3. La frutta realmente matura è una straordinaria calamita per vari uccelli e insetti che se ne cibano avidamente. I calabroni ad esempio se lasciati indisturbati, rodono soprattutto le pere senza modificarne la forma esterna ma lasciando solo più il torsolo e la pelle. Altri insetti che invece dell’apparato masticatorio hanno quello di tipo pungente-succhiatore producono un minore danno diretto ma uno maggiore indiretto perché successivamente, dal foro di suzione, possono installarsi vari tipi di muffe. Si riduce questo danno (si riduce, non elimina) sia frazionando la raccolta in più passaggi, sia mondando i frutti che pur attaccati non vanno buttati. I calabroni non sono fessi: se rodono una mela è solo e sempre perché è ottima. La frutta in vario modo danneggiata, ma normalmente più buona, per evidenti ragioni non può essere presa in considerazione dall’industria alimentare.
4. Il frutteto del piccolo produttore oltre che essere vicino a casa, è fatto da qualche decina di piante di diversi frutti, sovente innestate su franco, di ecotipi locali (qui a Neive, ad esempio, di pere Madernassa, pesche di vigna…) ed eventualmente concimato con letame. Il frutteto industriale è fatto da migliaia di piante dello stesso tipo, sempre su innesto nanificante, della stessa varietà, concimato chimicamente e a volte anche diserbato chimicamente. Il mio frutteto mi dà frutti da giugno (ciliegie, albicocche) a novembre (cachi) e se c’è un’avversità atmosferica o fitopatologica questa colpisce alcuni frutti ma non tutti e dunque è più tollerabile. Nel frutteto industriale si ha contemporaneamente la condizione di massima vulnerabilità e di massima intollerabilità agli attacchi fitopatologici. Mi spiego con un esempio. Se la ticchiolatura, in rapporto a particolari vicende atmosferiche, colpisce fino ad azzerare la produzione del mio melo Gala Rossa che è la varietà più esposta, mi dispiace ma pazienza. Se invece io avessi un frutteto di 10.000 Gala Rossa avrei una rapida diffusione della ticchiolatura da una a tutte le altre piante e perciò anche il disastro economico. Questo spiega perché progressivamente si sia arrivati sino a 18 trattamenti antiparassitari all’anno. Non c’è nessuno che si diverte a dare veleni. Cattiva non è la singola persona ma la struttura produttiva che abbiamo tutti costruito. Dico tutti perché vi partecipano anche i consumatori con la loro pretesa di prezzi alimentari sempre più bassi.

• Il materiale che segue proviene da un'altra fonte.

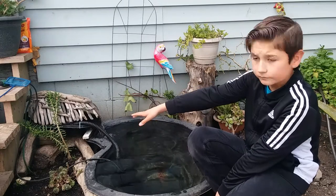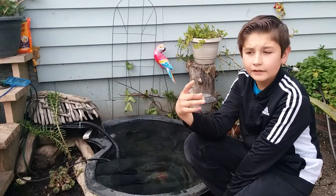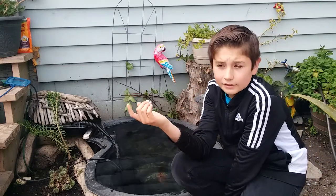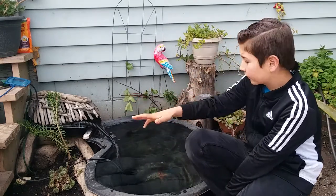We decorated it with a couple plants. The waterfall's over there, and inside the waterfall there's going to be the beneficial bacteria, the filter pads, and all of that stuff.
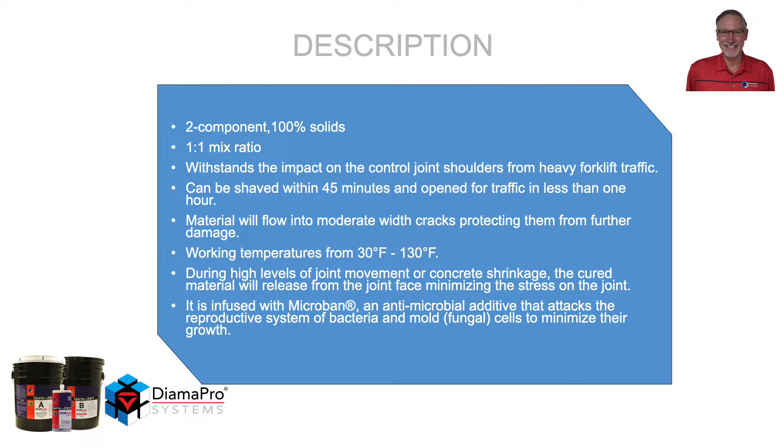During high levels of joint movement or concrete shrinkage, the cured material will release from the joint face, minimizing stress on that joint shoulder. It is also infused with Microban, an antimicrobial additive that attacks the reproductive system of bacteria and mold to minimize their growth.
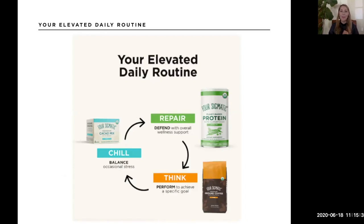Your elevated daily routine. We'll go over a recipe for the Think category, which highlights our lion's mane mushroom using our ground coffee; then our Chill routine featuring reishi in our mushroom cacao; and then our Repair/Defend category, which is where our plant-based protein falls.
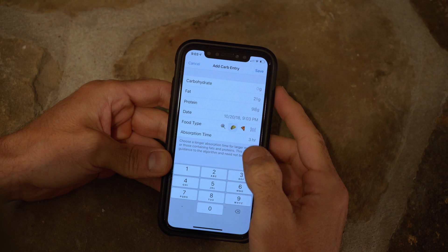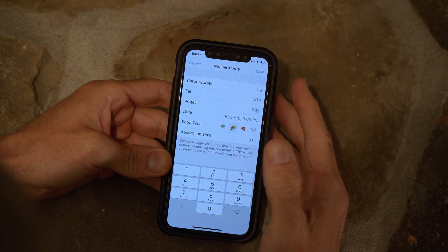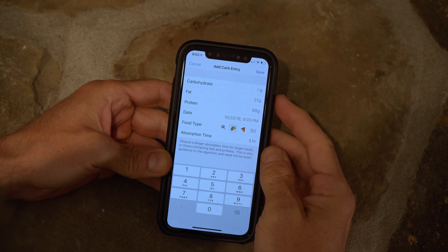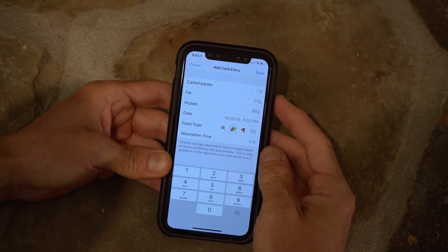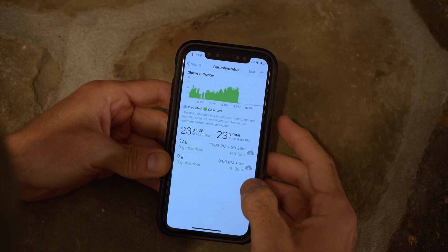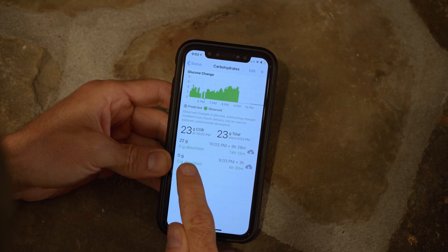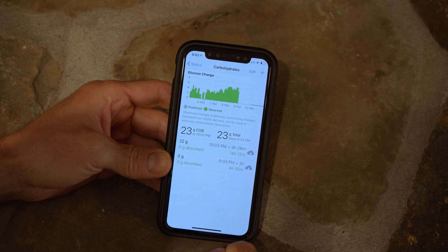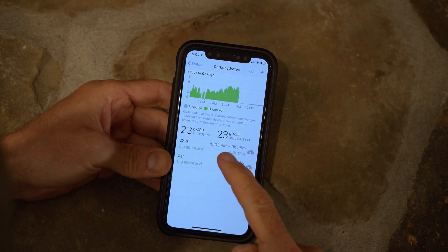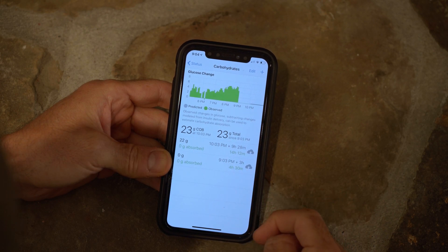Loop will treat this differently than the pizza example because it is less than 40 grams of carbohydrate — a threshold that research has shown to be important. For zero grams of carb, the fat and protein effect is half that of meals with a large amount of carb, and it ramps up between zero and 40. If we hit save, it shows an immediate entry for zero grams of carb — logged as 0.1 grams as a reference point for when you ate, in case you later want to see that in Nightscout. One hour into the future, it is providing 22 grams of carb equivalent absorbed over 9 hours and 28 minutes.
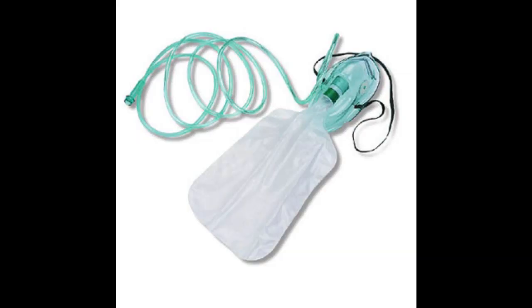The cool thing about the non-rebreather is they have this valve, so the air and the CO2 that the patient breathes out gets trapped in that little bag so they can't rebreathe it. Both the Venturi mask and the non-rebreather are good for COPD patients because the Venturi controls the percent of oxygen being given and the non-rebreather prevents rebreathing that CO2.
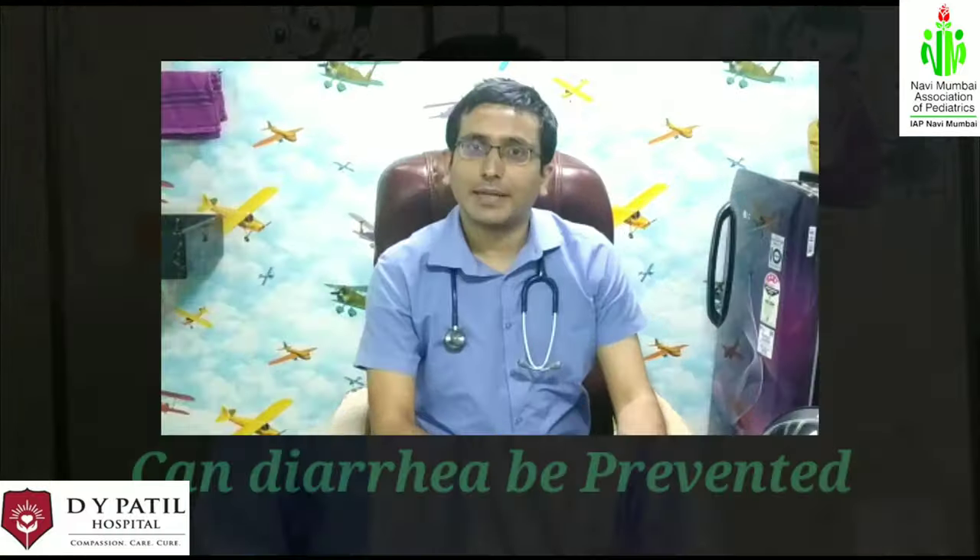Prevention is better than cure — it's an age-old dictum and it still holds true. Diarrheal diseases can be prevented by washing your hands before and after eating food, drinking boiled or filtered water, and avoiding eating outside or stale food. Certain vaccines are also available, like rotavirus diarrheal vaccines, which can protect against diarrheal diseases in infancy.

5. Finché vige la cultura che misura il progresso con la diminuzione della popolazione agricola, la bassa qualità degli alimenti è inevitabile. In Italia siamo stati bravissimi. Dal 45% di addetti all’agricoltura siamo passati al 4,5%. In Usa sono già arrivati al 3%. Tre persone devono produrre gli alimenti per se stessi e per gli altri 97. In queste condizioni necessariamente l’agricoltura è connotata da totale dipendenza energetica e da onnipresenza di veleni (diserbanti, disseccanti, insetticidi, anticrittogamici ecc…).
Perciò rivolgo ai giovani un appello affinché vengano a lavorare la terra.
Nel frattempo, tornando alla marmellata, spero di aver reso comprensibile perché quella industriale ha bisogno di zucchero, (dal 35% in su del suo peso), di coloranti, di conservanti ecc. mentre la marmellata contadina fa totalmente a meno di questi ultimi e utilizza meno della metà degli zuccheri. Considerazioni analoghe possono essere fatte per i cavoli e per ogni altro tipo di alimenti.
Rimango, con piacere a disposizione, nei limiti della mia competenza, per eventuali ulteriori informazioni.
Beppe Marasso, nonno, contadino, laureato in scienze agrarie.